My father was curator of the division of herpetology at the Smithsonian. Part of the reason we grow the way we do is a tribute to him, and what he taught me about small things having an impact. That enough pesticide to kill most pests kills most beautiful things too. And this, a sticky toed frog climbing straight up the side of a bucket, is one of the beautiful things.

And while we are in the shade resting on a hot afternoon, or inside sleeping at night, this frog and more like it are quietly eating their weight in bugs, daily.



video

That's why we farm the way we do.

Sunday, August 16, 2015

not your daddy

We tried for a year to rescue a jack Russell. I'd find one listed, think I was jumping on it, end up not getting it.

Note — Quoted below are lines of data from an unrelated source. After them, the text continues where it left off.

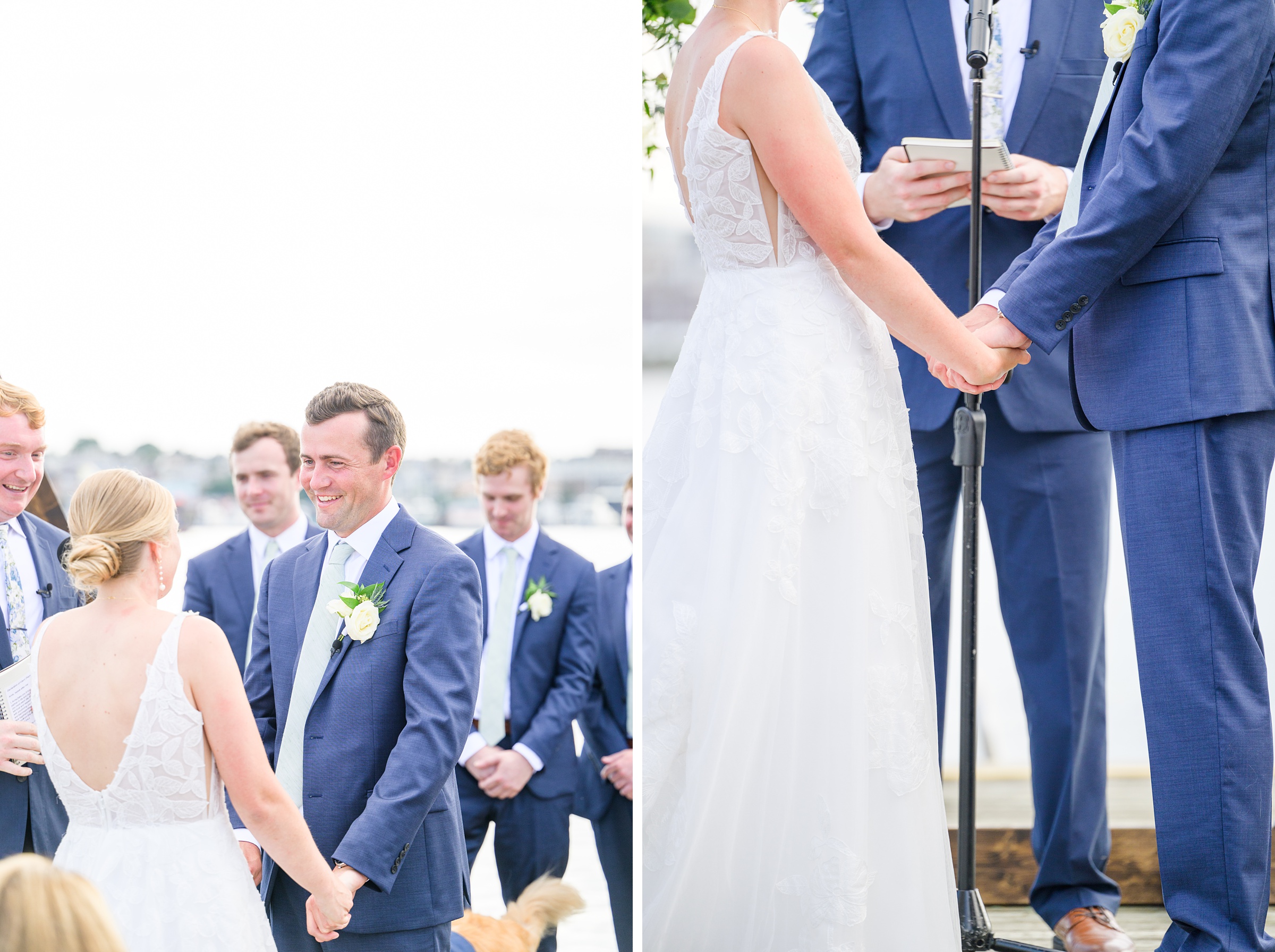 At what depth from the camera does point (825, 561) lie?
1895 millimetres

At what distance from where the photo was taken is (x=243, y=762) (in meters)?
1.66

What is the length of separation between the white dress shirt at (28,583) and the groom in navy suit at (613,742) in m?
0.87

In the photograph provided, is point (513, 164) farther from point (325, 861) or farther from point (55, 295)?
point (325, 861)

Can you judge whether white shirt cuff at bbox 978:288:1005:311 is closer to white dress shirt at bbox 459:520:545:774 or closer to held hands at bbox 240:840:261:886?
white dress shirt at bbox 459:520:545:774

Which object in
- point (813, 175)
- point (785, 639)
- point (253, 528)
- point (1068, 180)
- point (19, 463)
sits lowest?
point (785, 639)

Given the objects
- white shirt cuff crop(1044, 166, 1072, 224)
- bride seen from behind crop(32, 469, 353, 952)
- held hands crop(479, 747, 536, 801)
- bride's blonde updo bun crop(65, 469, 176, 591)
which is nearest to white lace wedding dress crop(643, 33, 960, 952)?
held hands crop(479, 747, 536, 801)

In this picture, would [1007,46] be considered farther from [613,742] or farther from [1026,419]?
[613,742]

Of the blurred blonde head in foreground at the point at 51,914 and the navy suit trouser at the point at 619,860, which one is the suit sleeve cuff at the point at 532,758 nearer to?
the navy suit trouser at the point at 619,860

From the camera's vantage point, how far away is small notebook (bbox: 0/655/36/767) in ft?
5.45

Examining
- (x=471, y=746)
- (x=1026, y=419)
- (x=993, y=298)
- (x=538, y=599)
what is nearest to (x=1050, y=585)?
(x=1026, y=419)

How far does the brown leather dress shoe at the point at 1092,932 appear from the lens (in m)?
2.20

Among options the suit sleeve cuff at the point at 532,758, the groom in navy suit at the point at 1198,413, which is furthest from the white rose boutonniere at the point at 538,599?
the groom in navy suit at the point at 1198,413

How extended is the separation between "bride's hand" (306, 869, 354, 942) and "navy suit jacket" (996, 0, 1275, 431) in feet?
4.87

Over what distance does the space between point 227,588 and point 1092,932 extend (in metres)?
1.77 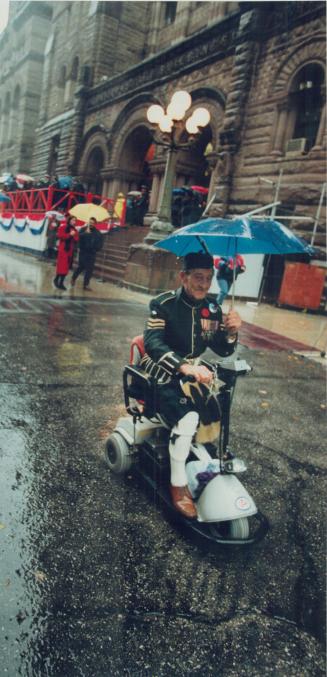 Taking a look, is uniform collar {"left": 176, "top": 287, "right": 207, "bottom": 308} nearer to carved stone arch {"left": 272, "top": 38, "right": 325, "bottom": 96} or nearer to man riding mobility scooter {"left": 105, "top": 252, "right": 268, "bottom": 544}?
man riding mobility scooter {"left": 105, "top": 252, "right": 268, "bottom": 544}

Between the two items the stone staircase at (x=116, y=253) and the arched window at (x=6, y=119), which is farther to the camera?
the arched window at (x=6, y=119)

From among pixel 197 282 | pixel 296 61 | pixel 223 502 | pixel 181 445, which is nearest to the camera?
pixel 223 502

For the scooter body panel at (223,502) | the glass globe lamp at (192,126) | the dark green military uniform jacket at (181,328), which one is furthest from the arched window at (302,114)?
the scooter body panel at (223,502)

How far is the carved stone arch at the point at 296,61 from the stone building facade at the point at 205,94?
0.04m

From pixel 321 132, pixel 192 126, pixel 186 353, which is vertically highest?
pixel 321 132

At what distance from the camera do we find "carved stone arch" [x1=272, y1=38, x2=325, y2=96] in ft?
46.5

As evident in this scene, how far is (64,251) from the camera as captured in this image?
10812 millimetres

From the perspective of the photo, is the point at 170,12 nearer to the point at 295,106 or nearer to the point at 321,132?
the point at 295,106

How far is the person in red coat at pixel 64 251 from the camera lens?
419 inches

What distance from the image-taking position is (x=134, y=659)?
5.40 ft

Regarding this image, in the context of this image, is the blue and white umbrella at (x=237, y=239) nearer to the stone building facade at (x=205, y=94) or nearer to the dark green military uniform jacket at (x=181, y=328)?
the dark green military uniform jacket at (x=181, y=328)

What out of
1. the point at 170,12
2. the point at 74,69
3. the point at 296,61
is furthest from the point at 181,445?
the point at 74,69

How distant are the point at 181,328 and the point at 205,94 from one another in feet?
62.2

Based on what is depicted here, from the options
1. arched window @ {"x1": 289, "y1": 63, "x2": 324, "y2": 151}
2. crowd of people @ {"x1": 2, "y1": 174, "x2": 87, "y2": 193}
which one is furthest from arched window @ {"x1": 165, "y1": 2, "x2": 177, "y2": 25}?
arched window @ {"x1": 289, "y1": 63, "x2": 324, "y2": 151} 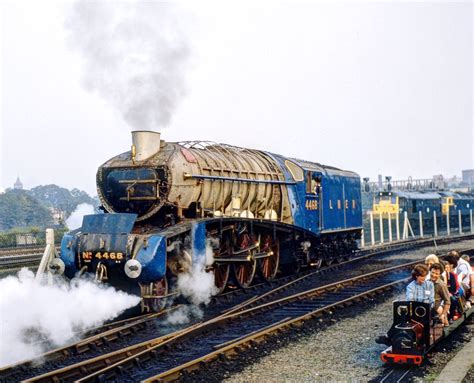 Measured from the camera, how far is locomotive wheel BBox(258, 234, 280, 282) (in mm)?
13922

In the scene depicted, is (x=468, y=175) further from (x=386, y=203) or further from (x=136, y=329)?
(x=136, y=329)

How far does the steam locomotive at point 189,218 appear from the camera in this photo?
9820mm

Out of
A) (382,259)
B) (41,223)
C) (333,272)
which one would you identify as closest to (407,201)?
(382,259)

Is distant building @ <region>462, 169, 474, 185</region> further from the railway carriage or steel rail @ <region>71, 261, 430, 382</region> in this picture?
steel rail @ <region>71, 261, 430, 382</region>

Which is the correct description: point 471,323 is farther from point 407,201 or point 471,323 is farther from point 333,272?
point 407,201

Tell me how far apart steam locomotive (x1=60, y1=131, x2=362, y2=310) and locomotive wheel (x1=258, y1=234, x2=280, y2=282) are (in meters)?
0.03

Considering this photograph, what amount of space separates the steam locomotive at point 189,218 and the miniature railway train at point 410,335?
4223 mm

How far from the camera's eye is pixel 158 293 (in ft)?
32.4

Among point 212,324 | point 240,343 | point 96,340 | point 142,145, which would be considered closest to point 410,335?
point 240,343

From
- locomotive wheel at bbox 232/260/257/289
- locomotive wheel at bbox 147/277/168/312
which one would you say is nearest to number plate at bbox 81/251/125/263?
locomotive wheel at bbox 147/277/168/312

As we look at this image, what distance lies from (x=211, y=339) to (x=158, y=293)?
1.90 metres

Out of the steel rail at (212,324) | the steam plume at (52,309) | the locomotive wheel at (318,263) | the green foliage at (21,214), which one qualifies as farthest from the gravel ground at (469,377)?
the green foliage at (21,214)

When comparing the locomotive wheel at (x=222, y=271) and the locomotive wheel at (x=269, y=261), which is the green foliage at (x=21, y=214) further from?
the locomotive wheel at (x=222, y=271)

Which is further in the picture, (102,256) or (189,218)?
(189,218)
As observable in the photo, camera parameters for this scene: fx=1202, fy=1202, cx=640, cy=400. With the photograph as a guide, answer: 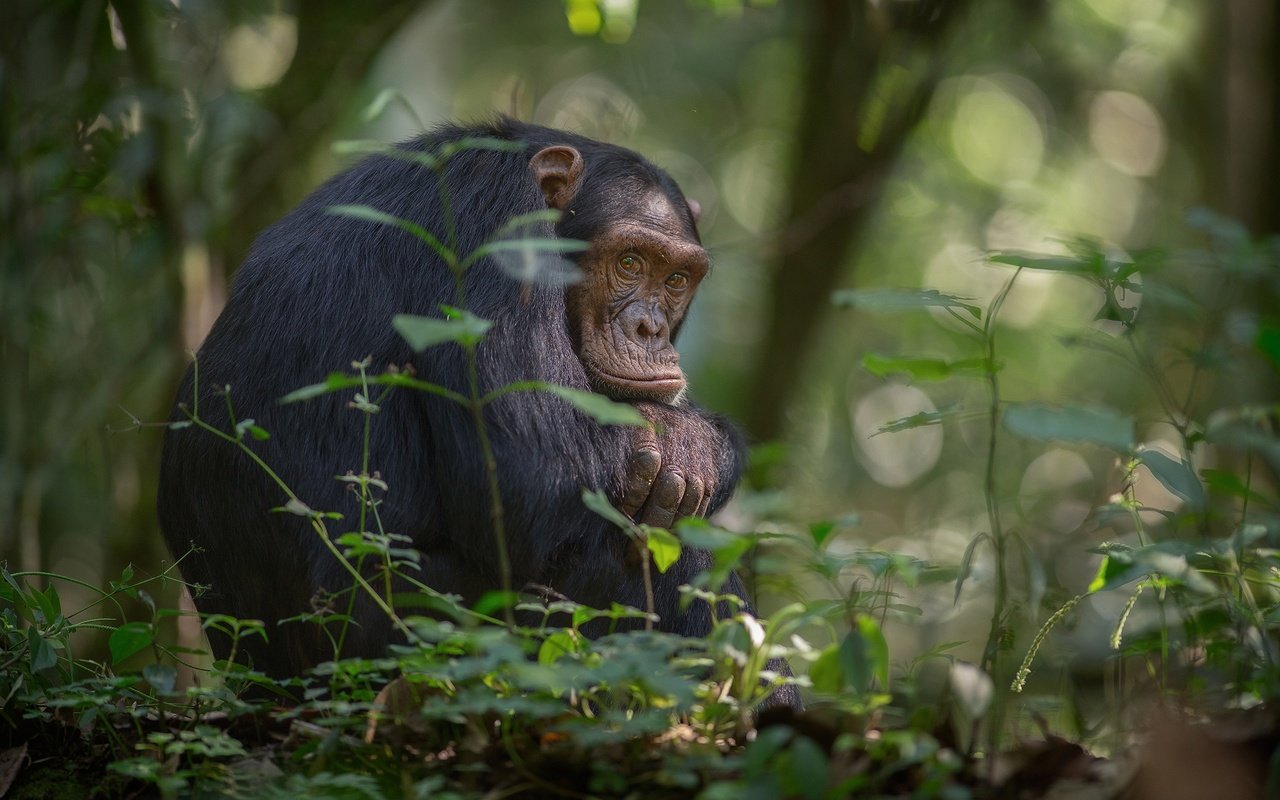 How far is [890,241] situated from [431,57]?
335 inches

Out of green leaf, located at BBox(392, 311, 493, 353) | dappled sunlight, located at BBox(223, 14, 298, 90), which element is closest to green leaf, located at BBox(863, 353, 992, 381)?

So we bought a puppy. Rescues cost too, to offset cost of care and medical treatment. The puppy didn't cost much more than full grown dogs we have adopted.

So Blitzen arrived earlier this year, in the form of a tiny puppy.






Adorable. Sweet tempered. Smart. Energetic without the crazy JRT's can sometimes be.

He listens well, has good manners and is a joy.

But we don't want any puppies. Our other dogs have been spayed or neutered, and we want him to stay here on the farm and not roam the streets.

So on Thursday Blitzen went to have his reproductive abilities removed. The instructions at pickup said to keep him quiet for 7-10 days.

We are keeping him away from the other dogs. No walks, no stairs. Water, kibble, chewies but no real rough housing.

He seems to be healing just fine.


Sound asleep, all four in the air.


Saturday, August 15, 2015

quick conversions

These days are when all the hard work of spring pays off. So much to harvest!

We preserve plenty of things. Tomatoes will start soon. They were deep green, now almost white, with red next. Canning and freezing and roasting down to paste will happen.

These days we get to eat fresh. Pulled from the farm, cooked and consumed. So good. This summer has been mild with low humidity, so we can have small cooking events.

Last night's harvest looked like this:



We didn't use the winter squash, but everything else was chopped up and put over the mashed potatoes made from those Yukon golds. A saute of all of those vegetables, some herbs and spices and then this...


Summer time comfort food. Farmers pie. Gardeners pie. Meat free. Near vegan.


Happy, satisfying meal. Nothing else needed!



Monday, August 10, 2015

overcast days

We put seeds in the ground constantly. It never stops. With that we also pull weeds all the time too!

We have two hoophouses on our farm. They are both filled year round with vegetables we are harvesting. Or, in the case of tomatoes we are impatiently waiting to harvest! The original hoophouse is filled with tomatoes, peppers and eggplant right now.

The hoophouse we built last year was full of heat loving basil. We've pulled a lot of it, week after week, and its starting to look pale. Still smells and tastes good, but as it fades we are pulling and filling our freezer, for that taste of summer this winter!

The peas and garlic came out earlier. The garlic went in in November 2014, and the peas were planted in February of this year.

So here are some of the beds this morning.


The drip tape is visible in the planting bed to the left, it is the most effective method of watering we have found. The wheelbarrow is overflowing.

And after


The plants we wanted and those that were uninvited are all removed. And take your tiny seeds too please!

It was overcast and barely 70* today. For a farmer, this is amazing weather in early August, allowing us a 3 week jump on clearing and planting. We like sunshine too, but love a day when lots of work can be completed without sweating through multiple sets of clothes!